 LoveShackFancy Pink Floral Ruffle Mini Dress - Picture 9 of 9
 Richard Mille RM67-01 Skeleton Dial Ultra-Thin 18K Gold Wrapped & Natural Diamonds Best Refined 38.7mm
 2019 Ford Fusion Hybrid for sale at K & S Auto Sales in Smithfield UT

•••

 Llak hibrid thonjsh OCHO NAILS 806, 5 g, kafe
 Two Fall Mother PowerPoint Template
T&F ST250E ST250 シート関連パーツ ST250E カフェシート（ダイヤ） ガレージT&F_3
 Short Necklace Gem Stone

•••

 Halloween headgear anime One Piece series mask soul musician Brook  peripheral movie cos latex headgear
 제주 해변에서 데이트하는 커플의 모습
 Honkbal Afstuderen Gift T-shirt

•••

Here the job is to set down exactly the lines of the material above that fall between the one with "T&F ST250E ST250" and the one with "Short Necklace Gem Stone", inclusive, and nothing beyond them.

T&F ST250E ST250 シート関連パーツ ST250E カフェシート（ダイヤ） ガレージT&F_3
 Short Necklace Gem Stone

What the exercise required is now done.